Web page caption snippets

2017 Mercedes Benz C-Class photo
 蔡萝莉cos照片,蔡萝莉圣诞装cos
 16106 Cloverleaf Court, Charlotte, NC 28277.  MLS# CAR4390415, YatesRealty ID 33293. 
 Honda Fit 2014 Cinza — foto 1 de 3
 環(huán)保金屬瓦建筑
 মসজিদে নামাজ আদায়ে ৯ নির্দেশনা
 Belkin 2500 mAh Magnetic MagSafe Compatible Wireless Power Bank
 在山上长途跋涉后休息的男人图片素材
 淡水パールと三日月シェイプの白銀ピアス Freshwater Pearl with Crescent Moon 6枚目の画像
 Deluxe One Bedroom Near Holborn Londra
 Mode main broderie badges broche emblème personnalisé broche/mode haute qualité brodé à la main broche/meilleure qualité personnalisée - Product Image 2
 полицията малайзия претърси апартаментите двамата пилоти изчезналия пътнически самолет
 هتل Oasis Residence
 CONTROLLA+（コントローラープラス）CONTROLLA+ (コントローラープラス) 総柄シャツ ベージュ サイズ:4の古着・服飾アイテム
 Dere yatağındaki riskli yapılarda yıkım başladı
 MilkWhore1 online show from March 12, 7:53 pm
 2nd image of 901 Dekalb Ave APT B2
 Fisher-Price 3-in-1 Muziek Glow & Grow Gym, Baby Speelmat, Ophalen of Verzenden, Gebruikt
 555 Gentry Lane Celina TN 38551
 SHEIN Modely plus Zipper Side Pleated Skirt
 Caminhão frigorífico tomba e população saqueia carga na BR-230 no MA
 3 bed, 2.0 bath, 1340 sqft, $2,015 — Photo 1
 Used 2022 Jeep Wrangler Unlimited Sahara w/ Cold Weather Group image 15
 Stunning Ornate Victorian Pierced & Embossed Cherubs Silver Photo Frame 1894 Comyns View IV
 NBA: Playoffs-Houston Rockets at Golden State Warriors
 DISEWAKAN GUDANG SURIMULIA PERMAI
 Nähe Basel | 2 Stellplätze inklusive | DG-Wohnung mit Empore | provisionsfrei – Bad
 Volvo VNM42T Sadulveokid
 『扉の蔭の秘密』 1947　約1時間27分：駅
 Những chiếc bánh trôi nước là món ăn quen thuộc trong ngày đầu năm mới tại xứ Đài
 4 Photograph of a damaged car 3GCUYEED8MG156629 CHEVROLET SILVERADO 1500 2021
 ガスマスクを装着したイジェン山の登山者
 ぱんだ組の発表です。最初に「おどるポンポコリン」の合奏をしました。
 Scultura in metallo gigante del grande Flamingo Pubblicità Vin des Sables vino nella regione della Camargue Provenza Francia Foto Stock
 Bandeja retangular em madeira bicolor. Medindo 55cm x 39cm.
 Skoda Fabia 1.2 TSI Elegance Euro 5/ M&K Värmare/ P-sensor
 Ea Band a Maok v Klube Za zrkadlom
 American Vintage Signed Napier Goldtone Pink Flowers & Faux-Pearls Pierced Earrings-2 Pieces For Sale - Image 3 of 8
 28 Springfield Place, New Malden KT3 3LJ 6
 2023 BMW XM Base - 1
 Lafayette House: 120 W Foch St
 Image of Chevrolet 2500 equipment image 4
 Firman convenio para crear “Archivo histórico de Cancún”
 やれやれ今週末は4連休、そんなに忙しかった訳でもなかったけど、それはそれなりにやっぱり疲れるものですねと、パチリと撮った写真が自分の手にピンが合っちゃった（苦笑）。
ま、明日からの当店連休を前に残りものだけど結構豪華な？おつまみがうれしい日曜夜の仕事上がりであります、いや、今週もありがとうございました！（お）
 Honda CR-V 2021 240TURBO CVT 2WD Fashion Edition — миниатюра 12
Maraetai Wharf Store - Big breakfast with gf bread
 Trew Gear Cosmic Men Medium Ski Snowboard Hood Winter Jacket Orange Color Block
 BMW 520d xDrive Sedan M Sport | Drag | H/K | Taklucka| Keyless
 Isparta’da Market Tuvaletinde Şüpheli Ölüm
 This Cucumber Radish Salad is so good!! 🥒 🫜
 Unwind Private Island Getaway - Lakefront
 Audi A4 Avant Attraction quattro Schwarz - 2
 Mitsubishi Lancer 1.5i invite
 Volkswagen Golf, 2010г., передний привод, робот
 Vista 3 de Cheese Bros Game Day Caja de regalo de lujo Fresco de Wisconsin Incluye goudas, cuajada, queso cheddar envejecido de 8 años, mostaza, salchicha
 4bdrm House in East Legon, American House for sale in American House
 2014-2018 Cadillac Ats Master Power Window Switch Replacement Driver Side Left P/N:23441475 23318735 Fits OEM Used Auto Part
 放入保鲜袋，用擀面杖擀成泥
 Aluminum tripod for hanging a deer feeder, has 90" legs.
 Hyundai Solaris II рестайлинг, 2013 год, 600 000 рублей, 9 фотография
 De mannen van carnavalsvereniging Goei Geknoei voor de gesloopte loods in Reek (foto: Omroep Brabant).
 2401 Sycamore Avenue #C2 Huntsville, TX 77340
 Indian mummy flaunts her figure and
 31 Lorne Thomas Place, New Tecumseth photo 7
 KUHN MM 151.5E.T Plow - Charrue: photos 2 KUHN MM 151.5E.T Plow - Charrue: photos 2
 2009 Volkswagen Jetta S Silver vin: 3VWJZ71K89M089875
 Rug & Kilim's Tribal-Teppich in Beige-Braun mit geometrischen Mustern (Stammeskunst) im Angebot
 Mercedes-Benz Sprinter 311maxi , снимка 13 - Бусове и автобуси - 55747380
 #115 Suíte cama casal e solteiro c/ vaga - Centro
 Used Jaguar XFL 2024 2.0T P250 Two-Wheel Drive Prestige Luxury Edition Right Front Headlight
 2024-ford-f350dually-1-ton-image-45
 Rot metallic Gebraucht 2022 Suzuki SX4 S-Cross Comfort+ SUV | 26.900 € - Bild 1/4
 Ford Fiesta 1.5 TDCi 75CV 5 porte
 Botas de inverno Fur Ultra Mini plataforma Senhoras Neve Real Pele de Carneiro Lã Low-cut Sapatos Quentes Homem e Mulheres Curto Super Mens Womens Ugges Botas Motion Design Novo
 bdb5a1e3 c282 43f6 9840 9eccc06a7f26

* DIRECTIONS
The expected reply is a number only, the tally of lines in the data where the word "House" is found.

* EXERCISE ANSWER
2